These clauses, in our opinion, provide sufficient grounds for not treating the sponsor sub-debt on par with the senior debt, but to treat it as a near-equity instrument.

Please note that there are two kinds of subordinated debt. The rated subordinated debt, termed ‘Junior Financing’ in the agreements, is a part of the external borrowing similar to the senior debt and has the same rights as the senior debenture holders. Only termination payment rights are different between senior and junior financing. This note refers to sponsor sub-debt, which is not rated. 

Q: What could be the impact of this default? 

A: According to the project company, this is the result of the NCLAT’s interim order; however, as per the financing agreements, this is an event of default. The investors may have several recourses, including the right to accelerate. An event of default in the financial documents may also result in an event of default in the concession agreement.  This could have spiralling effects on infrastructure financing as a whole and needs to be clarified urgently. 

Q: What is the way forward? 

A: The JRIPCL default and the JRIPCL management’s stance on the ‘solvency’ have brought to light a new dimension regarding the risks involved in infrastructure and project financing.

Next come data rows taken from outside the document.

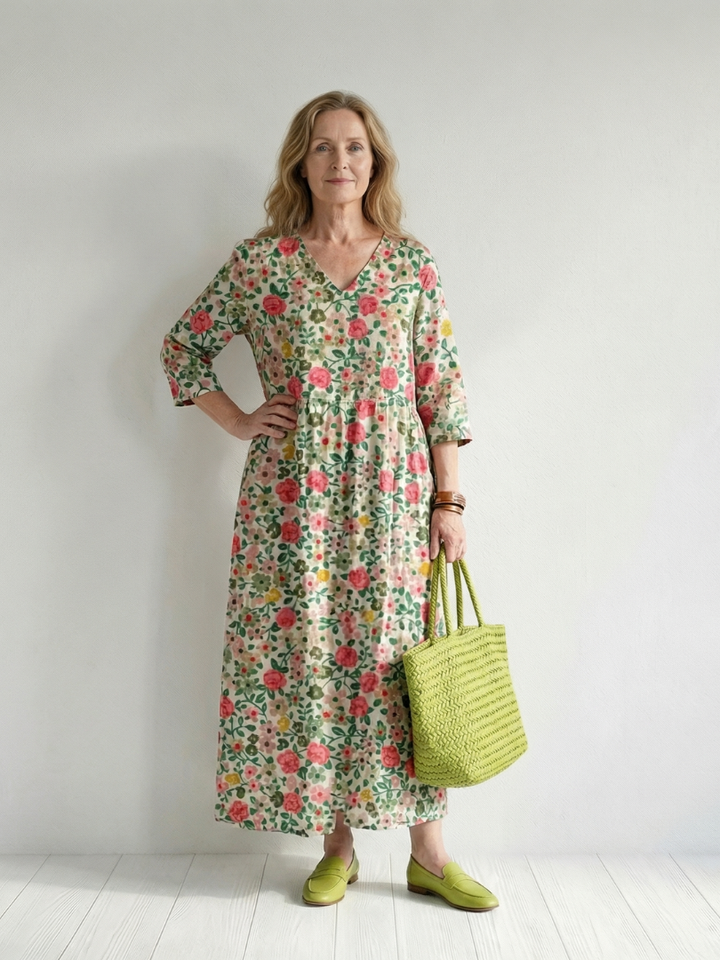 Colin | Vestido Midi de Flores Dispersas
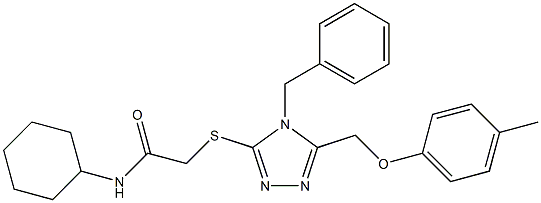 2-({4-benzyl-5-[(4-methylphenoxy)methyl]-4H-1,2,4-triazol-3-yl}sulfanyl)-N-cyclohexylacetamide,,结构式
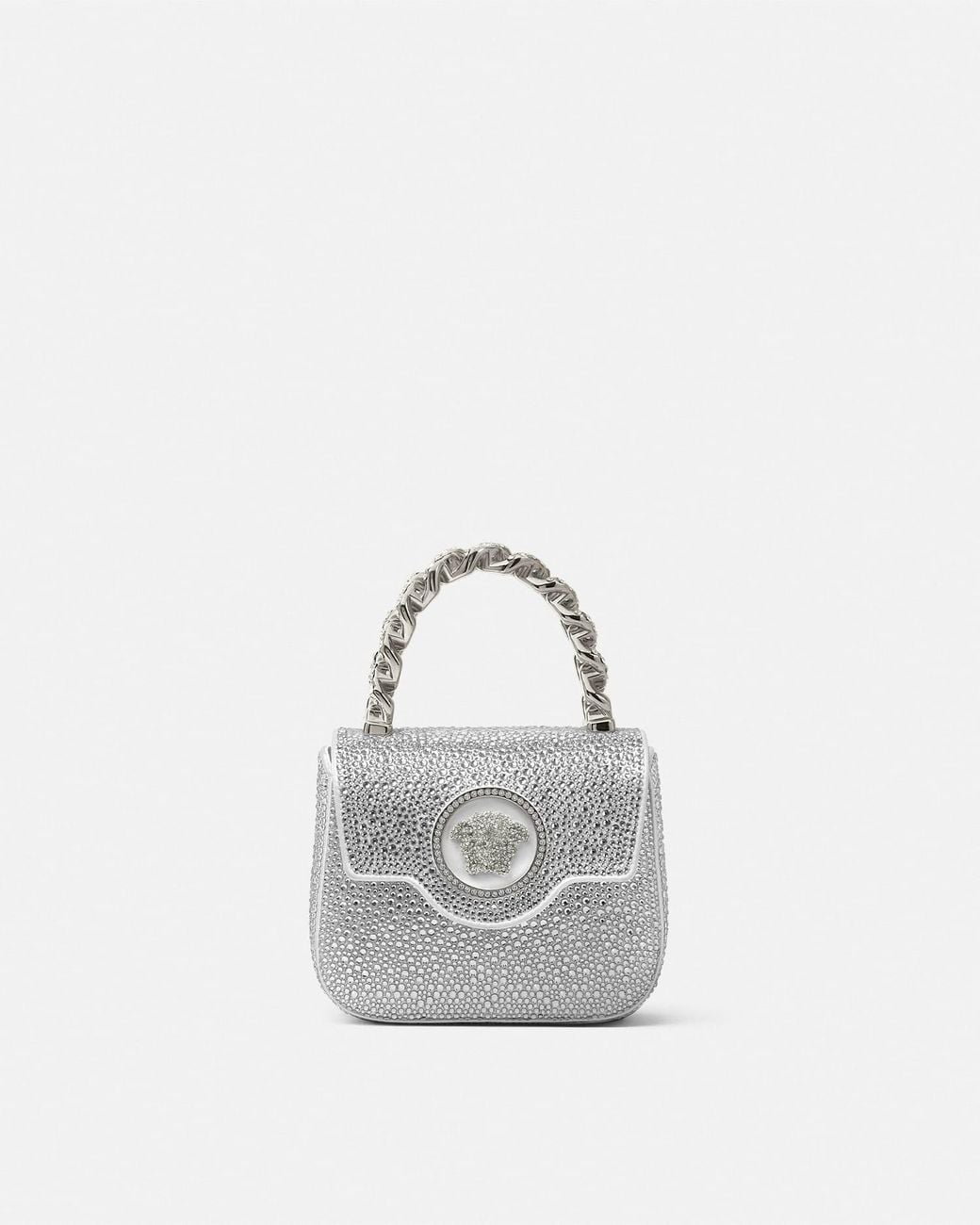 Versace White La Medusa Embellished Satin Mini Bag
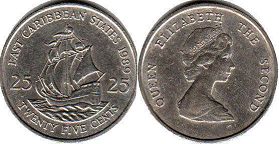 moneda Eastern Caribbean States 25 centavos 1989 moneda Eastern Caribbean States 25 centavos 1989
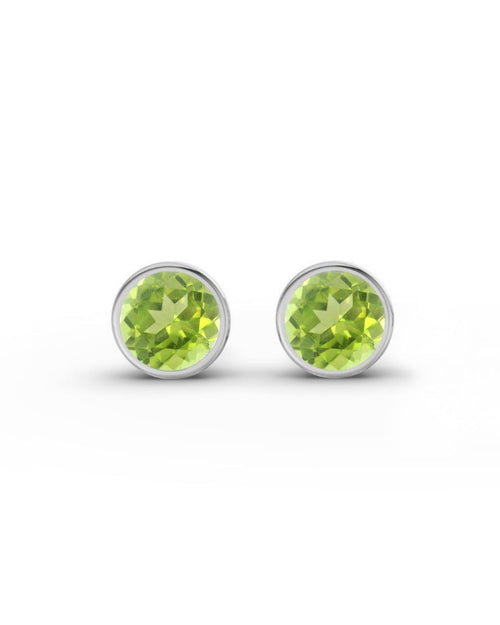 ESSENCE STUDS PLATA - PERIDOTO
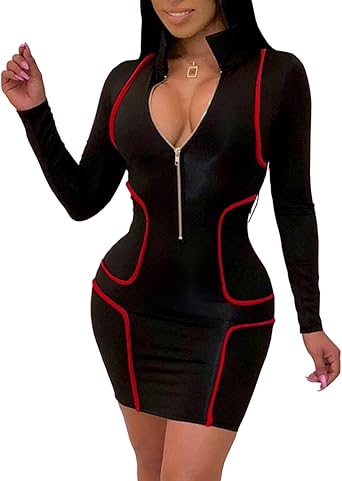 zipper front bodycon mini dress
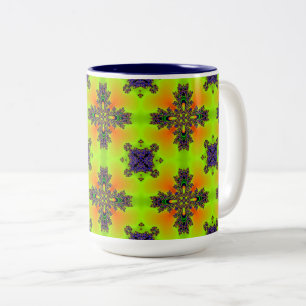 Caneca De Café Em Dois Tons Flores de Artdeco no Estilo Retroativo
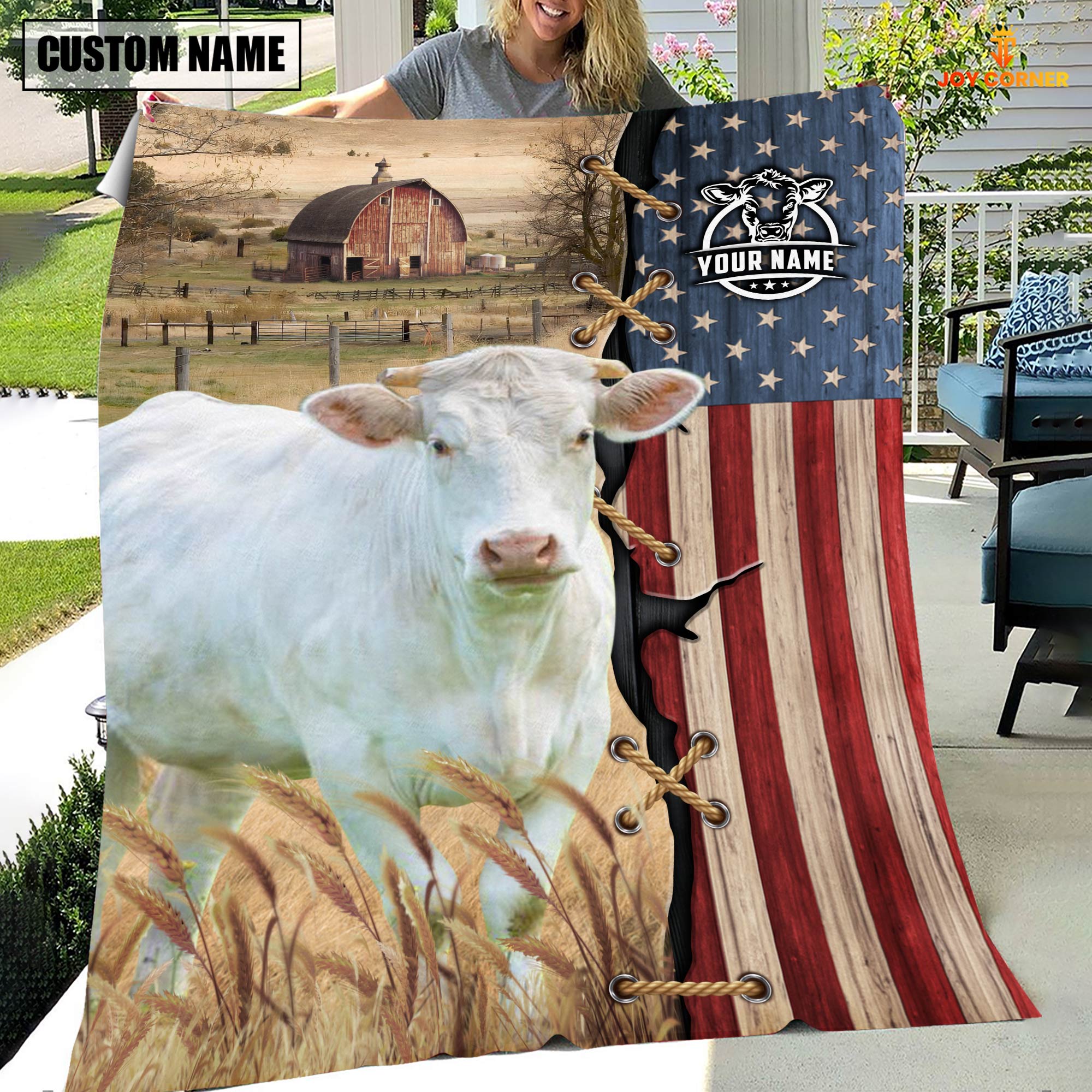 Personalized Name Charolais Flag Vintage Blanket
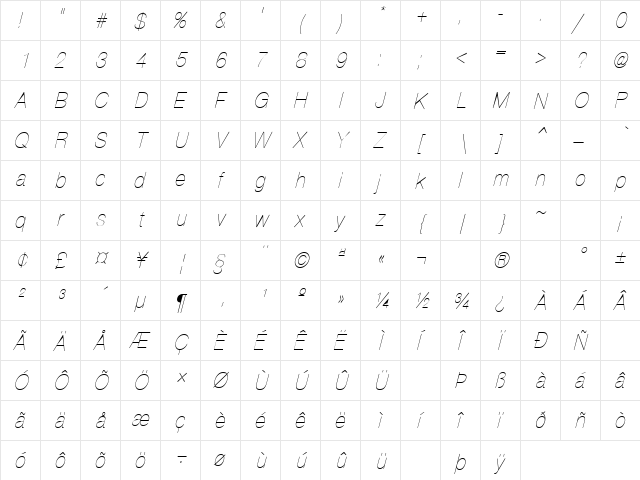 Communication 19 Regular font glyphpreview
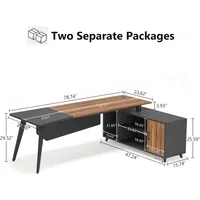L-Shaped Computer Desk with File Cabinet, 78.74 Inch Large Executive Office Desk with Shelves, Industrial Business Fu 2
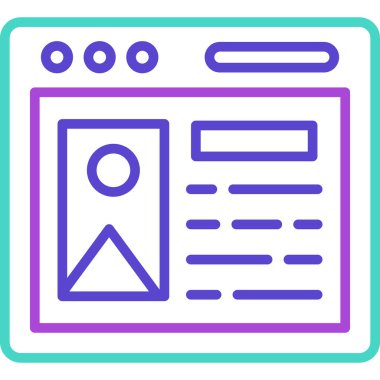 tarayıcı web sayfası simgesi, vektör illüstrasyonu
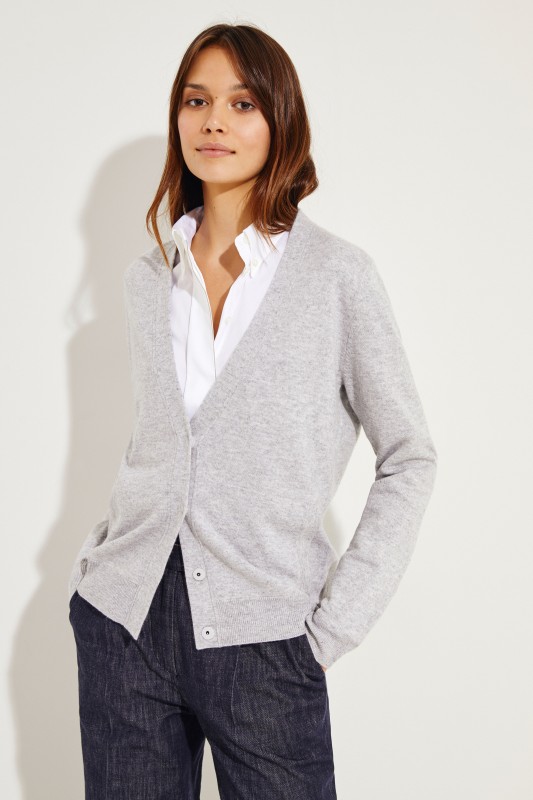Cashmere Cardigan Grau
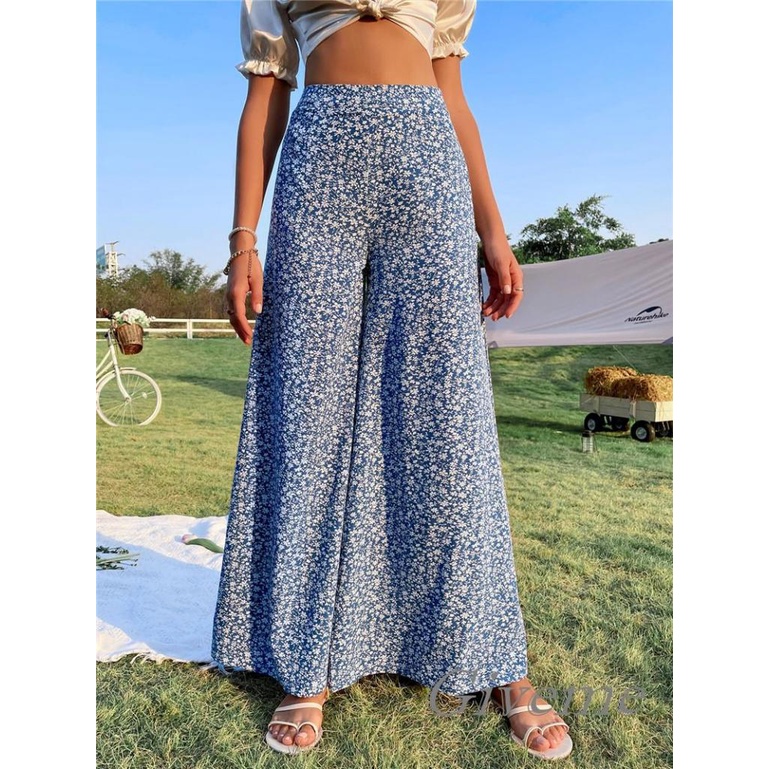 Quần Baggy Dài Ống Rộng Lưng Cao In Họa Tiết Hoa Thời Trang Cho Nữ Size XS / S / M / L / XL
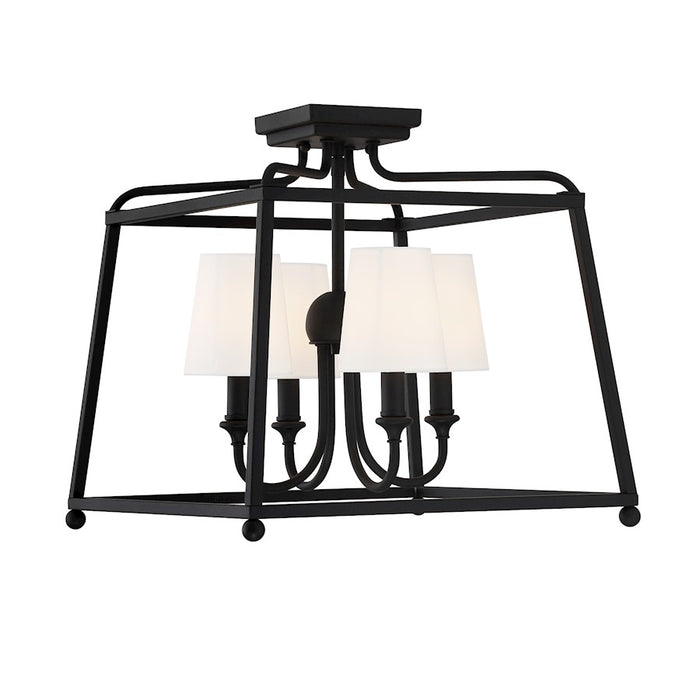 Crystorama Sylvan 4 Light Semi Flush Mount, Black Forged/Ivory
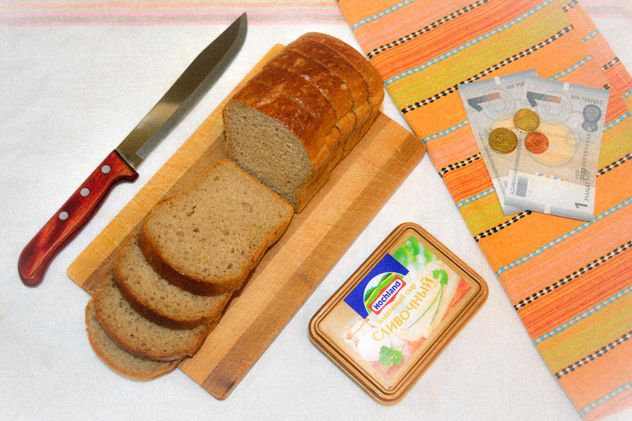 Bread, box of cheese and money - Free image #182797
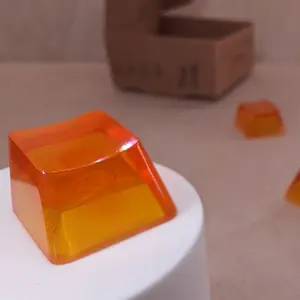 ResinKeyWorks Mango Orange Blank 1U Accent Keycaps, Transparent Hand Polished Resin OEM Caps with MX stems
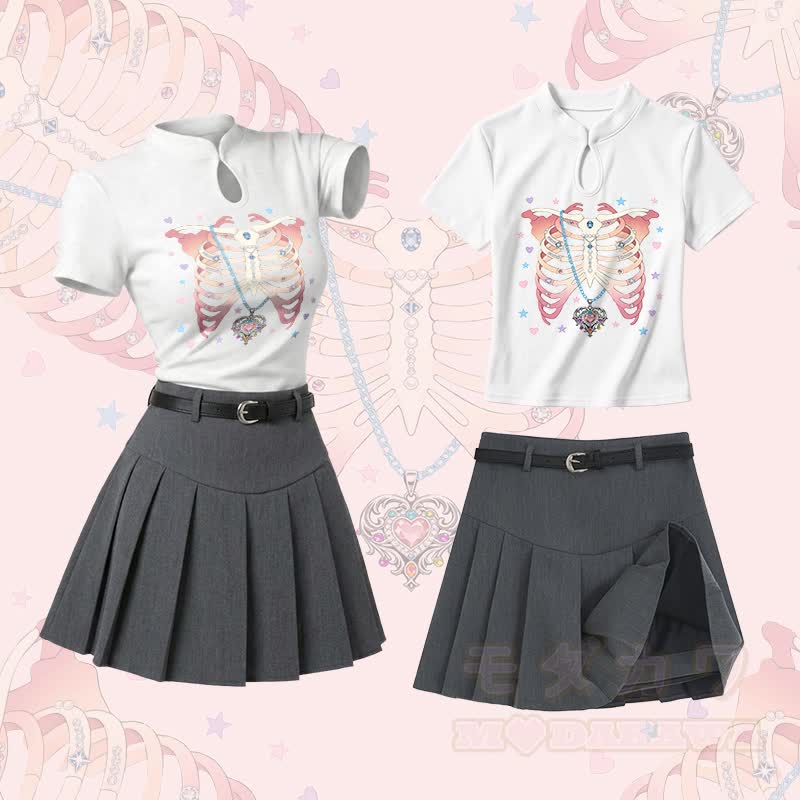 Ribcage Heart Necklace Graphic Vintage Buckle T-shirt  Plaid Skirt Modakawa Two Pieces Set - Set A - L - image 1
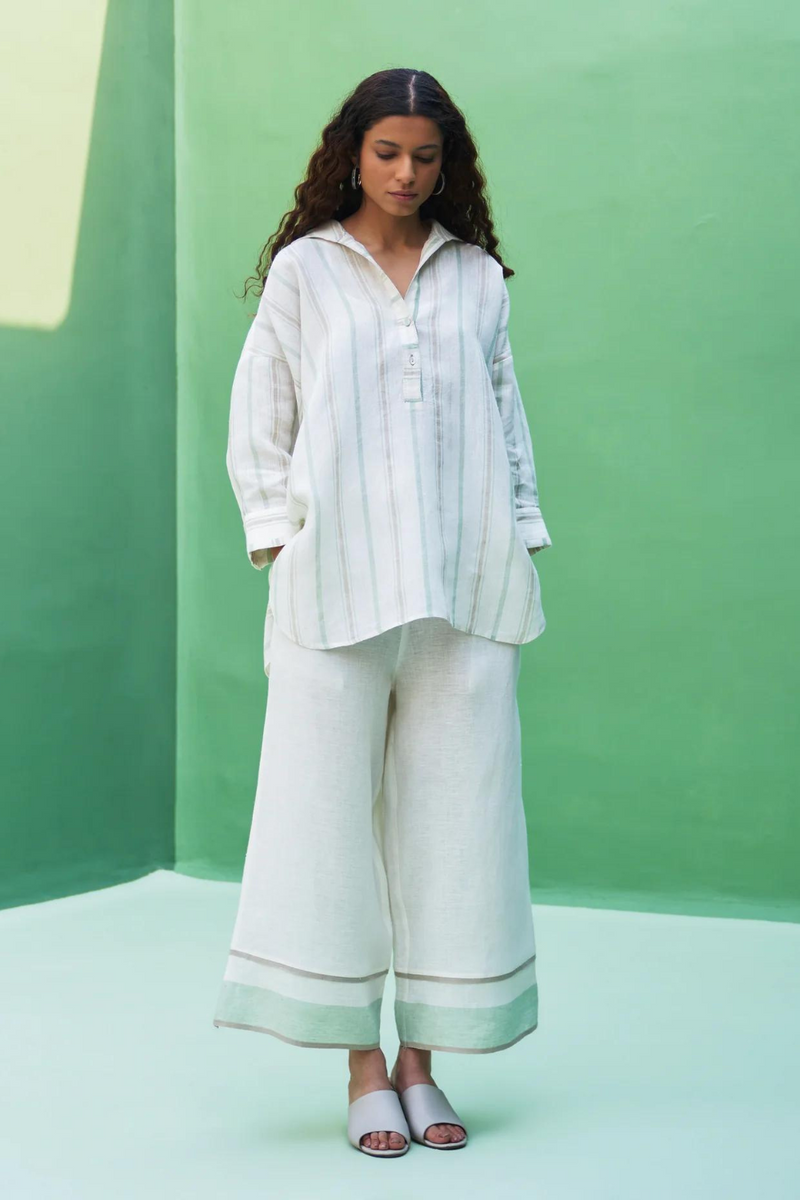 Mara Border Linen Pant
- Ivory linen by Manan in ivory color for women in Singapore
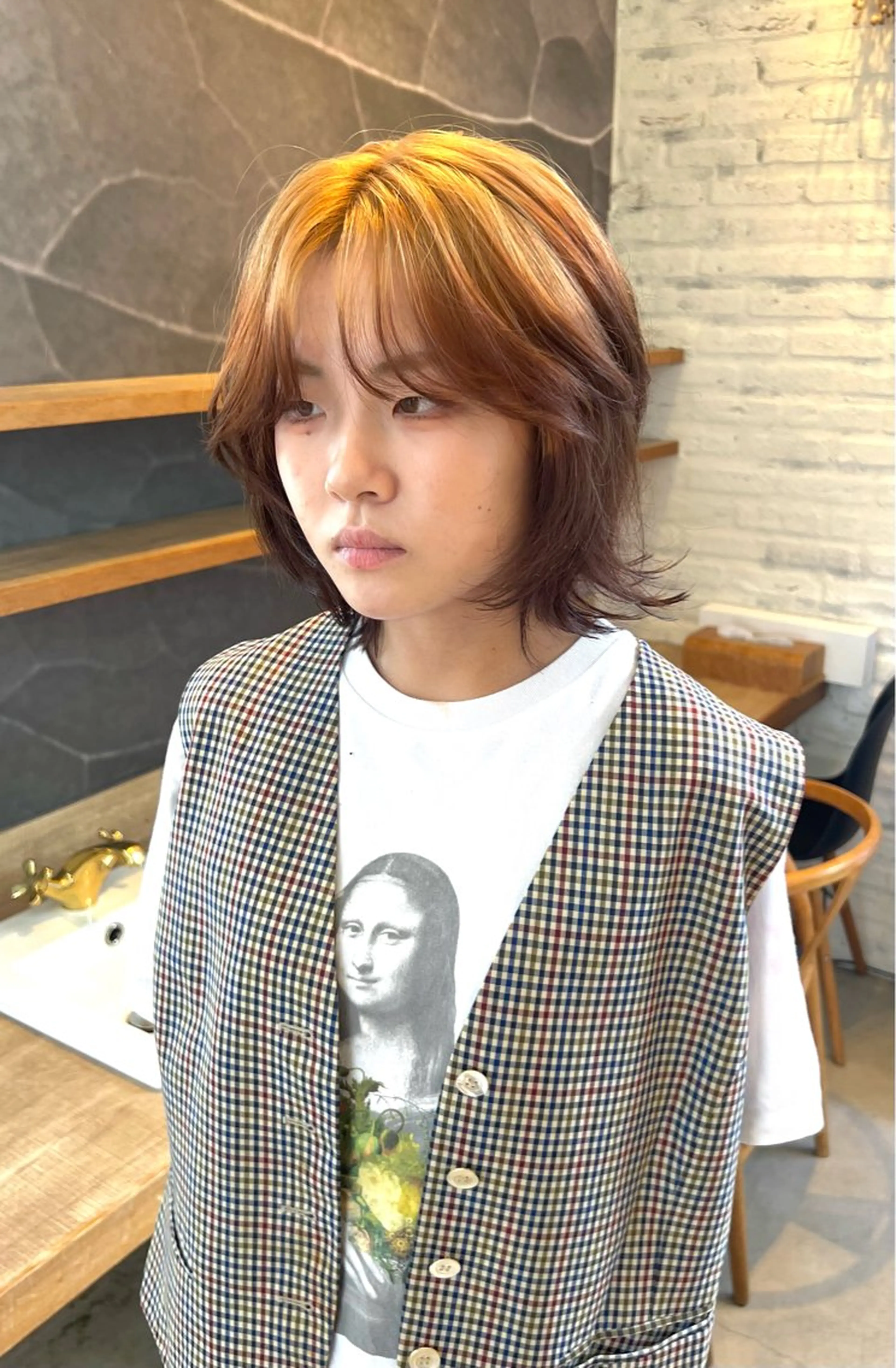 ミディアム カット ヘアカラー 池本 勇大のヘアスタイル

Government and regulatory intervention may be required to provide further clarity on these mechanisms. 

In India, several public private partnerships (PPP), including environmental infrastructure projects, resort to the SPV and ring-fencing model to finance infrastructure. The absence of clarity on the above-mentioned risks may have a negative impact on the infrastructure investment climate in India, in Ind-Ra’s opinion. 

Ideally, specific provisions that define an SPV should be incorporated into the corporate legal framework. A publication from the Reserve Bank of India suggests an ideal framework for an SPV would be to have an identity that is totally distinct from that of its promoters/ sponsors/ constituents/ shareholders. (
https://www.rbi.org.in/Scripts/PublicationReportDetails.aspx?ID=164

India Ratings is monitoring the situation against the limited context of this episode. A plain analytical (not legal) reading of the Sections 241 and 242 of the Companies Act shows that only the members of the Companies and the Central Government can file an application with the Tribunal under these sections.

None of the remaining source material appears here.